Again, the biggest critique of free agent contracts is usually “You’re gonna hate that contract on the other side” with projections of players who are barely replacement level at the end, and still making $20 million. There is reason to believe, at least with hitters, that good hitters (the ones who would be getting $20 million dollar salaries to begin with) actually have a longer peak and a slower decline than lesser hitters, but even then, there probably will be a mismatch. Of course, there are also examples of players who maintained much of their glory into their late 30s and even 40s. It’s not a law of physics that players decline, and humans are very good at convincing themselves that this time will be different.
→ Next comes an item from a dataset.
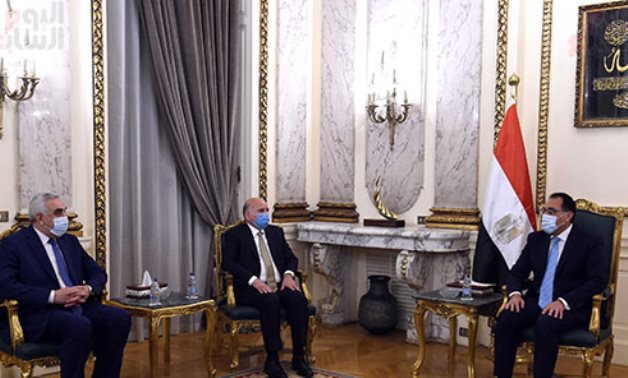 Prime Minister Mostafa Madbouli in a meeting with Iraqi Minister of Foreign Affairs Fouad Hussein in Cairo on February 8, 2021. Press Photo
The Tyranny of the Average
I understand why the $5 million rule exists. It’s an average of what teams seem to be paying for free agent talent, and ideally you want your favorite team to be doing better than average. Baseball is, after all, a game of relative advantages. The problem is that teams sign only a couple of free agents each year, and within very specific contexts. Using a one-size-fits-all measure is easy, but reality is just so much more complex. If we’re going to give GMs a fair shake, we need to at least take some of those issues into account.
I’d suggest that a new framework (and maybe with some enterprising research, a new formula) be used that looks at what a more fair price for free agent wins might be. It should include
- A reasonable projection of the player’s future contributions, as well as for the player he would ostensibly replace. In the near-term, this can be derived from looking at who’s already on the roster or in the minors. For longer-term evaluation, some idea of how often new cost-controlled value is generated and what salaries might do in a few years.
- Where the team is on the win curve (and perhaps what other moves they might make in concert with this one) and where they are in their building/winning cycle.
- An understanding of how this signing affects the team’s chances of making the playoffs, rather than how many marginal wins it creates. Those are different things.
- What the other alternatives are to signing this guy. It’s hard to do a full counter-factual, but it would be nice if we tried.
- An understanding that this is all done in real-time, not with the benefit of the hindsight that makes us all geniuses.
Mostly, we need a rejection of the yes/no nature of the rule of $5 million. Too often, things get boiled down to “It’s more than $5 million per win, therefore it’s a bad deal.” There is risk, good and bad, in every single free agent deal for both the team and the player. The goal is to take the best risks that you have available and to balance those risks appropriately. Yes, there are really bad free agent signings, but sometimes good things happen to bad GMs and things work out unexpectedly. We have to allow for that. Instead I’d ask for a system that leaves a little bit of room for those shades of gray and for the fact that not all free agent signings are the same.